The mission: travel to one of Mars's two moons, explore its surface, collect some rocks, and return to Earth in one piece. Now plan it—in five days.
Dozens of students from Caltech and around the world converged on campus during the last week of March to do just that, compete in the Caltech Space Challenge, which pits two teams against each other to design the best manned space mission.
"It was an intense, challenging, and exciting experience," says Melissa Tanner, a fourth-year graduate student in mechanical engineering at Caltech and member of Team Voyager, which faced off against Team Explorer.
The Space Challenge, which was led by aeronautics graduate students Nick Parziale and Jason Rabinovitch, featured lectures and workshops given by expert rocket scientists from Caltech, the Jet Propulsion Laboratory, and the aerospace industry. The two 16-member teams were even treated to an appearance by astronaut Buzz Aldrin, the second human to have walked on the moon. "I think one of the coolest parts of the experience was having world-class mentors," Tanner says.
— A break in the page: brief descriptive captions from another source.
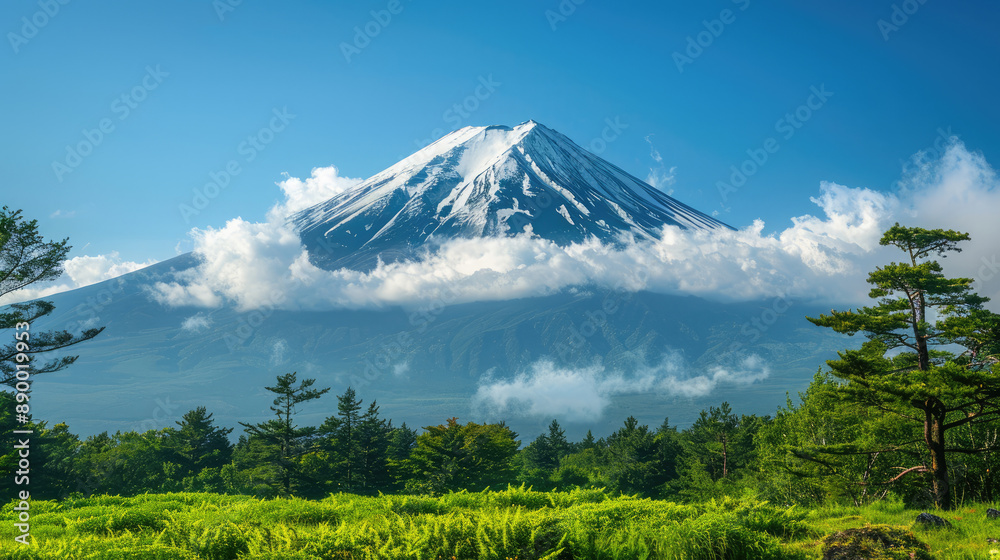 Fototapeta premium Mount Fuji in Japan wide landscape with blue sky, snow on the mountain top, green trees around the mountain, clouds and mist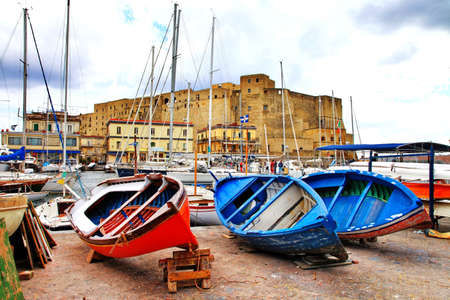Naples. Italy. View with castel dell Ovo and boatsのeditorial素材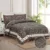 Exquisite kantha print on dark brown double bedsheet and two pillow covers
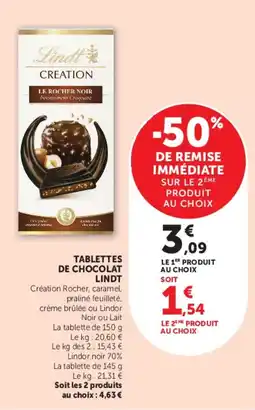 Super U Tablettes de chocolat lindt offre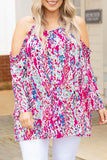 Floral Print Cold Shoulder Plus Size Top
Most of the week, however, was filled with hard work and little sleep. The students—a mix of undergraduates and graduates—had to plan and consider every aspect of long-term space travel, from choosing a propulsion system to keeping the astronauts healthy and fit. (Both teams emphasized the importance of exercise; Team Voyager proposed mandatory Jazzercise classes.)
Landing on a martian moon is considered a stepping-stone toward the ultimate goal of landing a human on Mars and was one of the recommendations that the U.S. Human Space Flight Plans Committee, an independent review commissioned by the White House, made in 2009. A round-trip to one of Mars's moons is much easier than one to Mars, primarily because Mars's gravity is so much stronger than that of its moons. Landing on any planetary body is a difficult and harrowing task—the Curiosity rover famously went through a landing sequence akin to a Rube Goldberg machine and was dubbed the "seven minutes of terror." And, no previous Mars mission—let alone a manned one—has ever landed on the surface and returned to Earth.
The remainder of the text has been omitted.